Esta aparente escasez de recursos lingüísticos llevó a Mario Levrero, que vivió unos años en Buenos Aires, a compararlo con Roberto Arlt: “Hay quienes escriben mal, como Roberto Arlt, o con poco lenguaje literario, como Kafka, y sin embargo, son grandes escritores”. Levrero confesó en varias entrevistas que sus primeras novelas estuvieron influenciadas por la lectura del autor checo a tal punto que llegó a decir: “Qué sé yo si ciertas cosas las vivió Kafka o las viví o las soñé yo”. El procedimiento de escritura de estas novelas incluidas en Trilogía involuntaria es similar al que siguió Kafka con Goethe, y él mismo lo admitió, por ejemplo, en Conversaciones con Mario Levrero, de Pablo Silva Olazábal: “Cuando escribí mi primera novela, me dediqué a imitar con la mayor precisión a mi alcance al Sr. Kafka”.

Hay en el autor de El proceso, El castillo y América (sus tres novelas) un interés por retratar el mundo animal con un doble propósito: primero, como si la curiosidad lo llevara a entender las reglas de la vida más allá del mundo de los seres humanos y también, como si planteara que desde ese lugar (afuera del lenguaje) nos pudiéramos retratar mejor.
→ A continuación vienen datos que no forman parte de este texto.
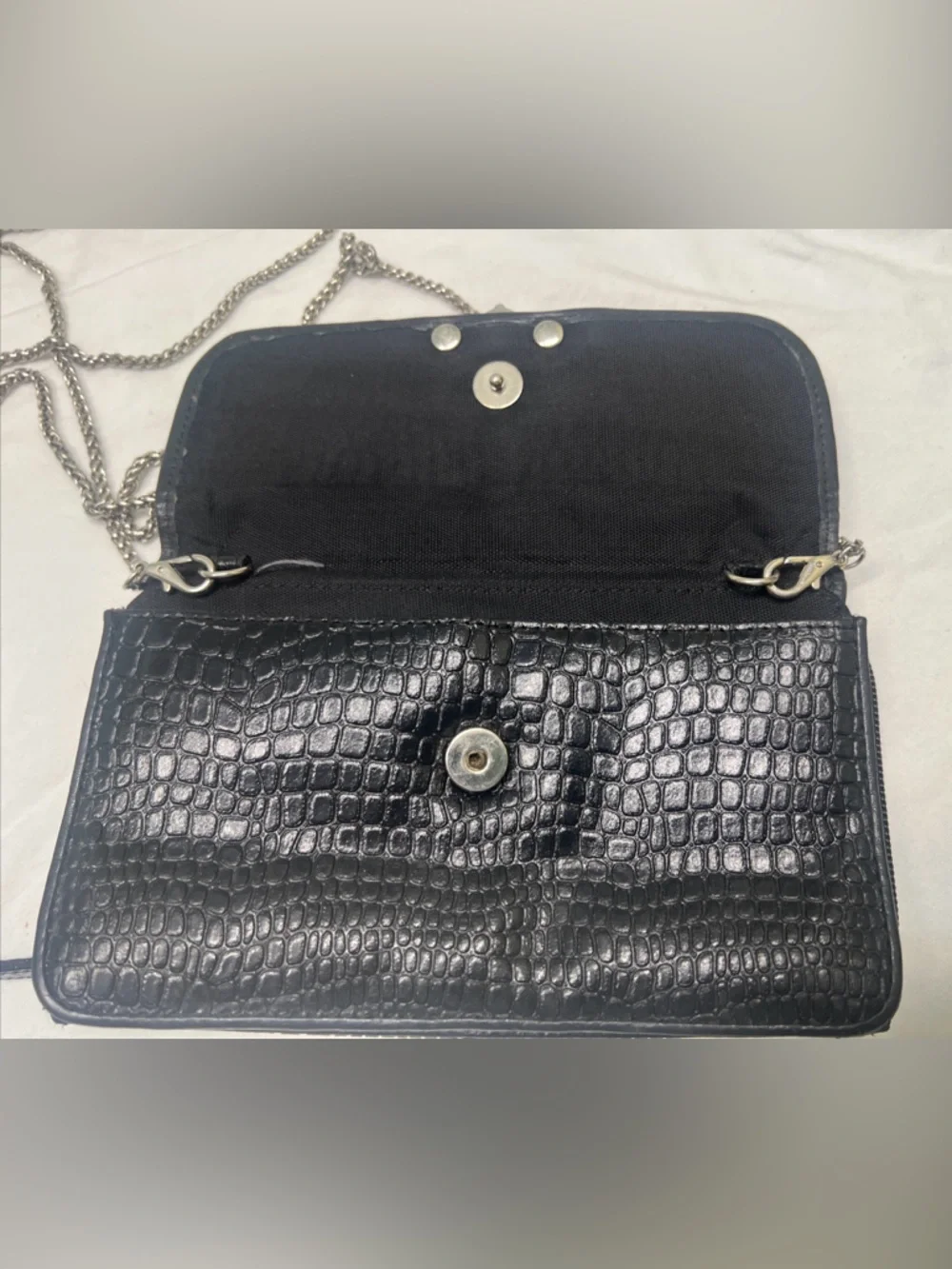 VTG Black Leather Wallet Clutch Crossbody Chain Strap Organizer Purse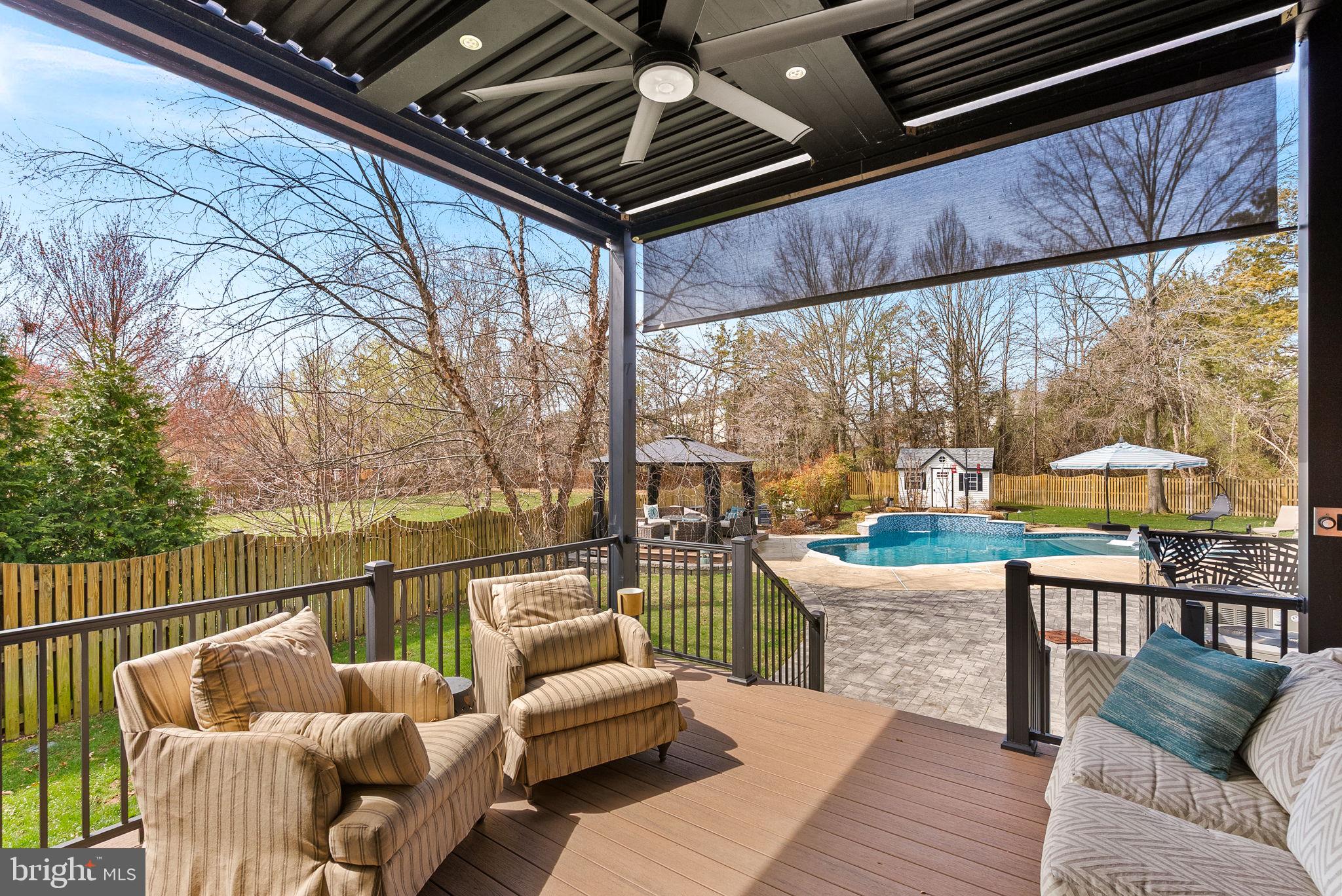 VANTAGE POINTE - Residential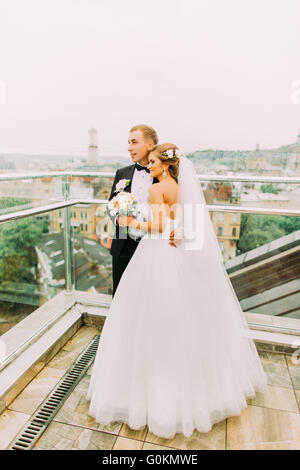 Ausgefallene Tisch gestellt für ein Hochzeitsessen Stockfoto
Hay varios relatos donde protagonistas o los narradores son animales: Informe para una Academia (cuyo protagonista y narrador es un mono que se ha convertido en un ser humano aceptado por la sociedad) y Chacales y árabes (donde un chacal le pregunta a un árabe “¿cómo soportas este mundo, tú, noble corazón, dulces entrañas?”) son los más notables: ambos iban a ser incluidos, según la edición de los relatos completos de la Editorial Valdemar, en un libro que se iba a llamar Responsabilidad. Influido quizá por esto, Damián Tabarovsky publicó un cuento titulado Kafka de vacaciones; ahí un narrador se queja al comienzo por la pérdida de su hembra, hembra que lentamente va dando paso al descubrimiento de que en verdad fue una perrita de nombre Kafka que extravió el narrador en unas vacaciones por Uruguay. Hacia el final el narrador-hombre da paso a un narrador-perrita que se encuentra perdida y con amnesia, confundida como el anterior narrador, cosa que le hace concluir: “Soy todas las posibilidades… La anulación de toda intención… El fracaso en tiempo real”.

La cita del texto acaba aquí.